With all due respect, this argument is, of course, sophomoric. Yet we see it repeatedly trotted out by everyone from Bill Maher on down. A lot of people say that if they could cleanse the world of faith in God, they’d automatically rid it of mayhem.
That’s absurd.
Have true believers killed people in the name of their religions? Yes. Look at the craziness in the Middle East today. Look at 9/11. Look at the Crusades and the Spanish Inquisition. Zealots of any stripe can be dangerous.
The problem with this line of thinking is that it selectively ignores the obvious: that religion is only one of countless matters over which people kill each other. Nations and tribes have fought over land and gold and food. They’ve fought over slavery. They’ve fought over politics. They’ve fought over the complexions of their skin.
In the 20th Century, the bloodiest regimes weren’t religious, but vehemently anti-religious. Stalin’s Soviet Union, Mao’s Communist China, Pol Pot’s Cambodia were all atheistic–and, taken together, killed tens of millions of their fellow countrymen. The critics who point to religion’s excesses never argue that atheism causes mass murder.
Frankly, and sad to say, human beings will find a way to fight over nearly anything. Religion certainly is one of those things, but it’s far from the only one.
Religion per se isn’t the cause of violence. The cause of violence is the flawed nature of human hearts and brains.
You can just as easily argue that religion serves as a stabilizing force and that it frequently minimizes war’s chaos and suffering. Christians, and for that matter, members of other faiths, have many times lobbied fervently for peace. They’ve fed refuges, protected captives and built orphanages.
I don’t mind when people point out religion’s crimes. Atrocities are atrocities, whether they’re committed by Christians or Communists. Wrong is wrong.
But to argue that war and violence would go away if we were to rid the planet of religious faith is just plain silly.

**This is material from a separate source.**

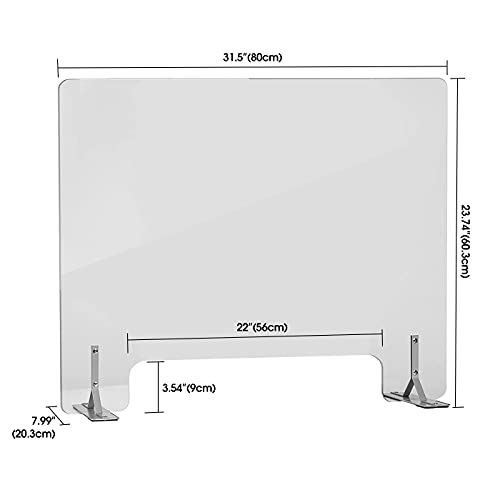 J JACKCUBE DESIGN Sneeze Guard for Countertop Plexiglass Protective Shield, Portable Freestanding Clear Acrylic Divider Portable Barrier for Desk, Office, Reception and Cashier (32\" x 24\")-MK716B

Paul seems to be missing the picture here. People will often argue, correctly, that various religious beliefs have been the cause and driving force of many wars and murders. He himself has pointed them out. However, nobody can claim that a world without religion will be perfect and end all wars. What he is missing is that wars or killings are not committed in the name of atheism. People and nations do not kill because people believe in god(s). Yes atheists do kill and commit crimes. So do Jews, Christians, Muslims, Hindus, etc. The point they are trying to make is why add to list of things we fight over.